Bridgeport Music, Inc. v. Dimension Films

Bridgeport Music, Inc. v. Dimension Films

Infobox Court Case
name = Bridgeport Music, Inc. v. Dimension Films
court = United States Court of Appeals for the Sixth Circuit


date_decided = June 3, 2005
full_name = Bridgeport Music, Inc., et al. v. Dimension Films, et al.
citations = 410 F.3d 792
judges = Ralph B. Guy, Jr., Ronald Lee Gilman, and Judith M. Barzilay (sitting by designation)
prior_actions = 230 F. Supp. 2d 830 (M.D.Tenn. 2002) (granting summary judgment for defendant), "rev'd", 383 F.3d 390 (6th Cir. 2004), "rehearing granted in part and opinion amended", 401 F.3d 647 (6th Cir. 2004)
subsequent_actions =
opinions = district court erroneously granted summary judgment for defendant on claim for copyright infringement based on fact that defendant's copying of plaintiff's copyrighted sound recording was merely "de minimis". Court of Appeals rejects "de minimis" defense to claim for copyright infringement of a sound recording.

Bridgeport Music, Inc. v. Dimension Films, 410 F.3d 792 (6th Cir. 2005), is a court case that has proved important in defining American copyright law for recorded music.
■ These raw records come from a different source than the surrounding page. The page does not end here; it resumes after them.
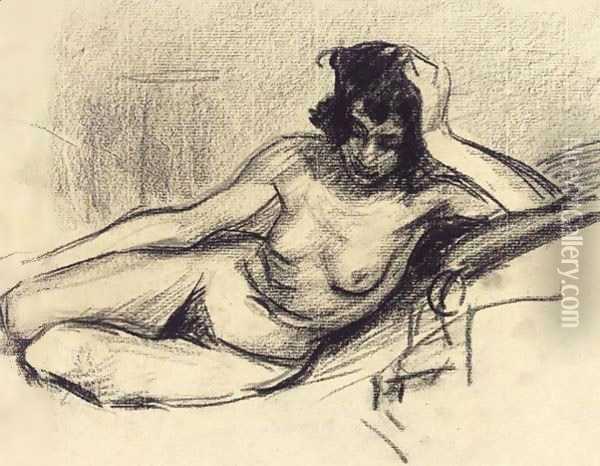 Female Nude Semi-Reclined Oil Painting - Roderic O'Conor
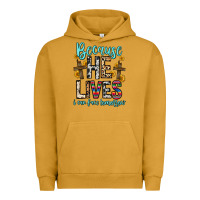 Pigment Peanut Butter because he lives i can face tomorrow Urban Hoodie - Zillion Design Studio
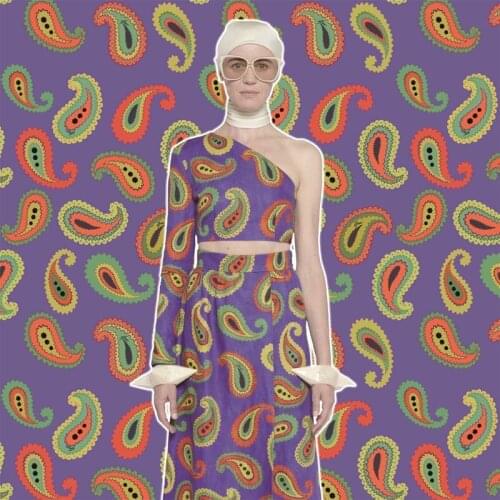 European G brand new spring/summer custom printed fabric cashew pattern fabric factory shop support G logo customization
The case centered around N.W.A.’s song “100 Miles and Runnin’” and Funkadelic's “Get Off Your Ass and Jam.” Essentially, N.W.A. sampled a two-second guitar chord from Funkadelic’s tune, lowered the pitch and looped it five times in their song. This was all done without Funkadelic's permission and with no compensation paid to Bridgeport Music, which owns the rights to Funkadelic's music. Bridgeport brought the issue before a federal judge, who ruled that the incident was not in violation of copyright law.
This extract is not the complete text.